I was getting tired of the Calibre Editor's spellchecker being stymied by artificially split words (IOW, the publisher added various tags for things like "id=" right in the middle of them). For instance:
Code:
ele<span epub:type="pagebreak" id="page_330" title="330"></span>phant
or, the more common, simpler variety:
Code:
ele<a id="page_330"></a>phant
The find string I'm currently using to find these artificial breaks is:
Code:
\w<[^/].+?></.+?>\w
- \w matches any word character (equivalent to [a-zA-Z0-9_])
- < matches the character < with index 6010 (3C16 or 748) literally (case sensitive)
- Match a single character not present in the list below [^/]
- / matches the character / with index 4710 (2F16 or 578) literally (case sensitive)
- . matches any character (except for line terminators)
- +? matches the previous token between one and unlimited times, as few times as possible, expanding as needed (lazy)
- ></ matches the characters ></ literally (case sensitive)

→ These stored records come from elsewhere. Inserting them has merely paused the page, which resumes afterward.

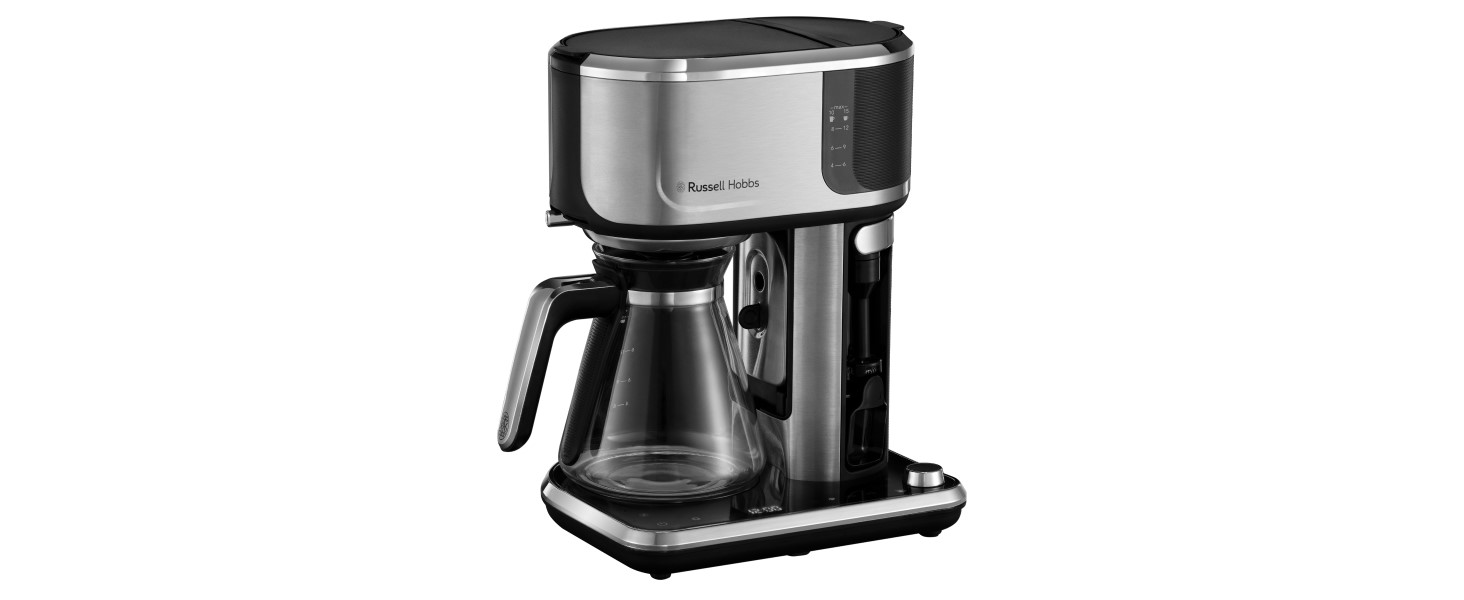 Кавомашина Russell Hobbs 26200-70 з регулюванням температури та ситом для чаю (40-100°C), нержавіюча сталь, 1.7л, 2400W, з функцією підігріву, для дитячого харчування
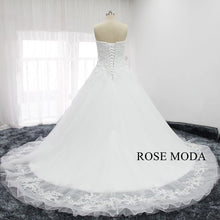 Load image into Gallery viewer, rosemoda-dropped-beaded-lace-ball-gown-wedding-dress-d.jpg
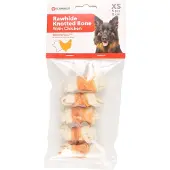 Flamingo Hondensnack Geknoopt Been Kip 5 cm 5 stuks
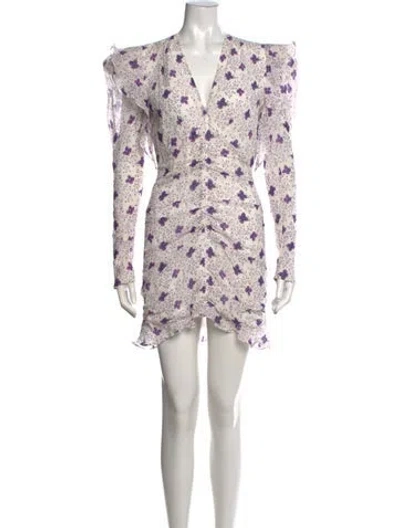 Pre-owned Isabel Marant Floral Print Mini Dress In Multi
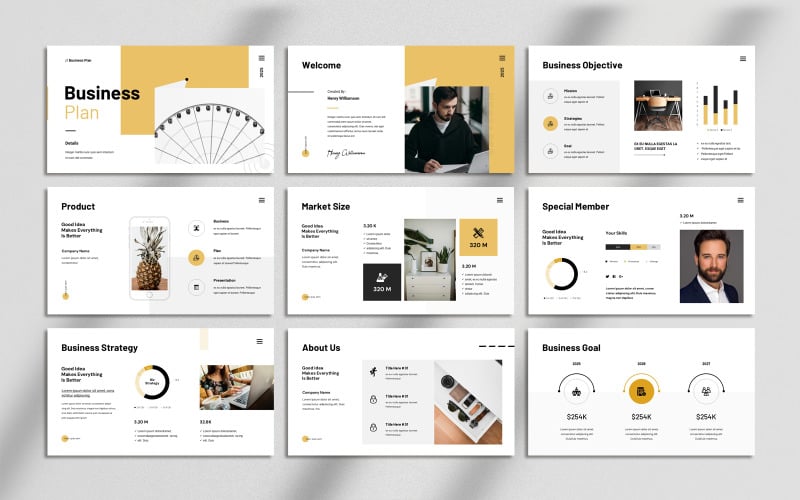 business plan powerpoint presentation template original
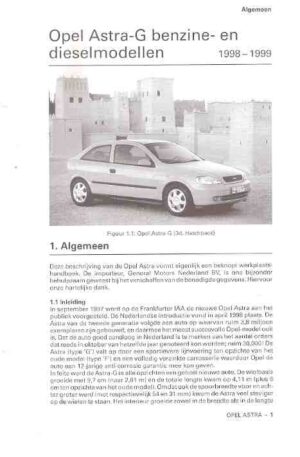 Opel Astra, 1998 - 1999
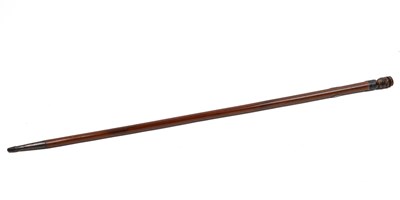 Lot 1087 - A 19th century malacca walking cane
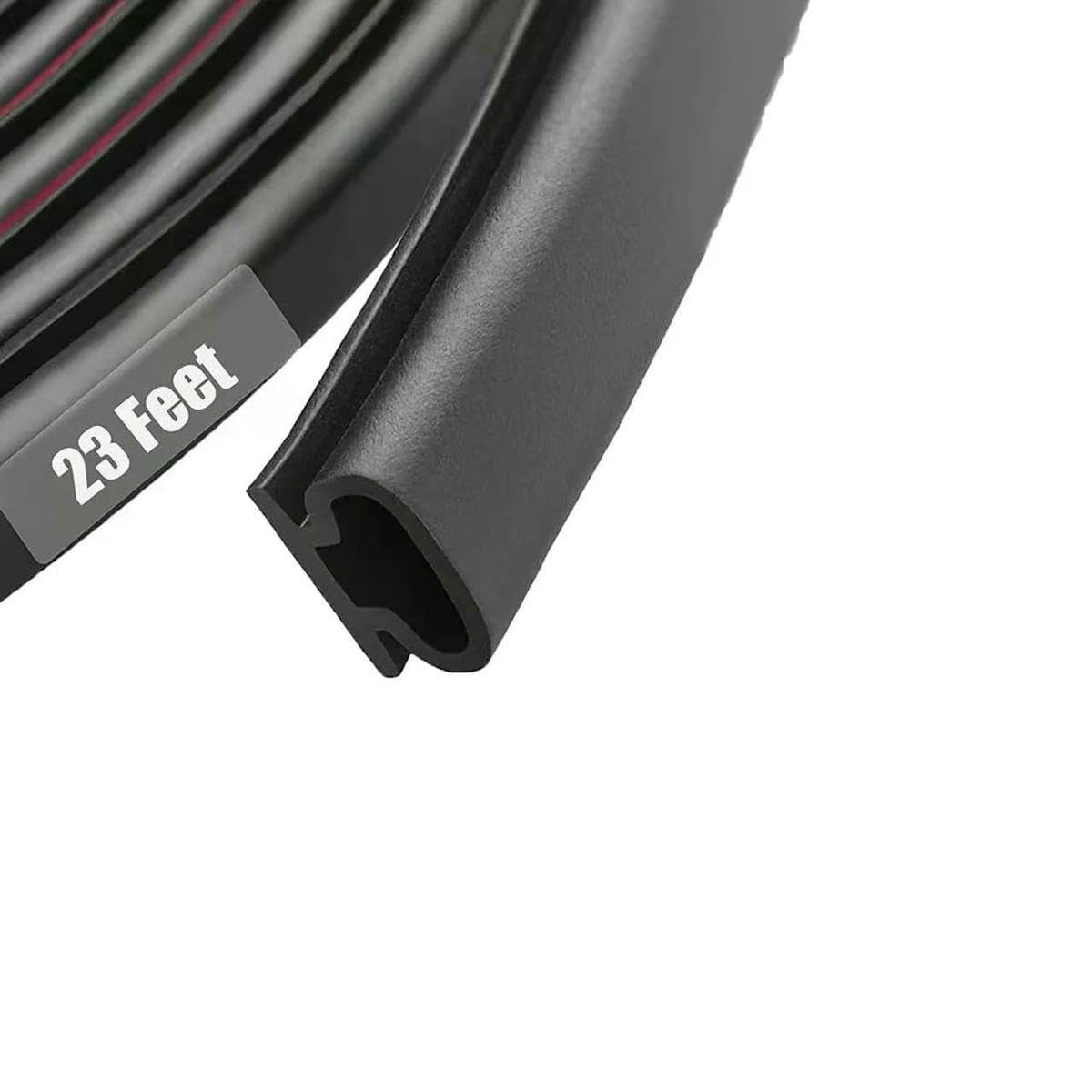 Yfshc Black 1 Piece Security Door Access Door Window Sealing Strip Weatherproof Anti-Collision Strip Sound Insulationself-Adhesive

- . matches any character (except for line terminators)
- +? matches the previous token between one and unlimited times, as few times as possible, expanding as needed (lazy)
- > matches the character > with index 6210 (3E16 or 768) literally (case sensitive)
- \w matches any word character (equivalent to [a-zA-Z0-9_])
That seems to be working. But, is there some way to manage an automatic replacement? I'd assume that instead of looking for a word character snubbed up to the start of a tag (i.e., "<") and also one stuck to the ending tag (i.e., </...>, I'd look a "word" touching those tags. But, my regex isn't good enough. Any suggestions?
SUMMARIZING EDIT: From the material below, I've come up with a way of moving those tags from the middle of the word to the end. I've created two saved searches (one for non-self-terminating tags and one for self-terminating ones). I run both since, for some reason, some of my books use both methods:
Non-Self-Terminating Tags:
Code:
FIND: (\b\w+?)(<\w.+?></\w*?>)(\w+?\b)
REPLACE: \1\3\2
Self-Terminating Tags:
Code:
FIND: (\b\w+?)(<[^/]+?/>)(\w+?\b)
REPLACE: \1\3\2